William R. Fitzsimmons, dean of admissions and financial aid, smiling warmly, would cite the diverse and dedicated set of passions from every echelon of society (his exact words in the Gazette last week were: “‘The Class of 2018 reflects the excellence achieved by the students of an increasingly diverse America. Attracting such outstanding students to the College is vital to Harvard’s mission of educating the future leaders of our nation’”). Those watching the spike in Computer Science and Engineering degrees might suppose that Harvard spends its effort looking for a Zuckerberg/Gates-type who will actually complete his or her four years. Harvard relies on (and subsequently pampers) its alumni, but a good image necessitates more than athletes-cum-ibankers. Harvard is, after all, an institute of learning. College students may not be as vital to the academic lifeblood as the faculty and graduate researchers, but without bright-eyed undergrads to live and learn what the faculty has to teach us, the whole university system of causing new people angst about problems they could never solve and convincing them that trying might be kind of worth it would break down. And then where would we be?

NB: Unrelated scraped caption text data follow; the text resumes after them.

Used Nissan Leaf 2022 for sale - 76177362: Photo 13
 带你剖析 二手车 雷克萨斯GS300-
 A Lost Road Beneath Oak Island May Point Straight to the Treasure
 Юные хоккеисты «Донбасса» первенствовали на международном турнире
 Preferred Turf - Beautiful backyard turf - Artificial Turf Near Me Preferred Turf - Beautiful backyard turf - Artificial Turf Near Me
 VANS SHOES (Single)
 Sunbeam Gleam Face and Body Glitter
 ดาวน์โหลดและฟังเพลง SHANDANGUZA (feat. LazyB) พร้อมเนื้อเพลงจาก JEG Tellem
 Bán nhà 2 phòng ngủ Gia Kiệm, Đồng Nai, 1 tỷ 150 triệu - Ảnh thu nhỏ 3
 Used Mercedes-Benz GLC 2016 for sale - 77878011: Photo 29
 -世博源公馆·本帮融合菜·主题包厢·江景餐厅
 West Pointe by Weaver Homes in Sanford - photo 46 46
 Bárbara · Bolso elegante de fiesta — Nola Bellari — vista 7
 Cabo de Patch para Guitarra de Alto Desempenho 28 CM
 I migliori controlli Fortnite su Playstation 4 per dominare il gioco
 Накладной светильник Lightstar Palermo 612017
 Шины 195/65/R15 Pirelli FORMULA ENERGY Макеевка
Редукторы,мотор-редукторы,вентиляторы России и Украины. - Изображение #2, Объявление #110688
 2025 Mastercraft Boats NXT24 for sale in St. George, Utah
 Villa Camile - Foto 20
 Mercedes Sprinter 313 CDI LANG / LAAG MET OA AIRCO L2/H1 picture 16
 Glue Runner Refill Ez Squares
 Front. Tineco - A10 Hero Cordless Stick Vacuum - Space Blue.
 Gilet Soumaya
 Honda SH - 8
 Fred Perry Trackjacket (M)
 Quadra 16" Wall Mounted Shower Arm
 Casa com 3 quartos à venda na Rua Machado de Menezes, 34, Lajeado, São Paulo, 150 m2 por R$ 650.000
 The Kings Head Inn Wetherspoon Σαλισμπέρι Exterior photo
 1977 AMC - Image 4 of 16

For at least the last decade, Harvard has celebrated the same milestones during admissions week. In each successive Class of 20-and-such, there is a higher percentage of minority students accepted, more extensive financial aid provided, and a new cohort of alumni to thank gratuitously. These golden nuggets of the admissions data make it into Gazette headlines in an effort to bring up, time and time again, the College’s desire to make Harvard a more accessible place for all, regardless of socioeconomic background.
Undoubtedly, these are all good, necessary measures: the Class of 2018 will include record-breaking representations of African-American and Latino students, at 11.9% and 13%, respectively. These numbers don’t look too bad compared to (likely under-representational) national statistics, which number African-American and Latino populations at 13.1% and 16.9% of the total US population, respectively. It’s not reported whether or not most of these students come from schools from which Harvard has already recruited: for example, the number of students from disadvantaged economic backgrounds come largely from urban rather than rural areas, which are harder to access and are less likely to receive information from neighboring schools and/or district communications. In either case, the continual increase suggests a dedication to expanding Harvard’s accessibility to underrepresented groups. Moreover, the Harvard Financial Aid Initiative (HFAI) reports that 90% of American families would pay the same or less to send their child to Harvard than they would at a state school (tuition, room, and board paid is on average $12,000 a year across the College). Even the cynics can’t deny that Harvard can act in line with its rhetoric.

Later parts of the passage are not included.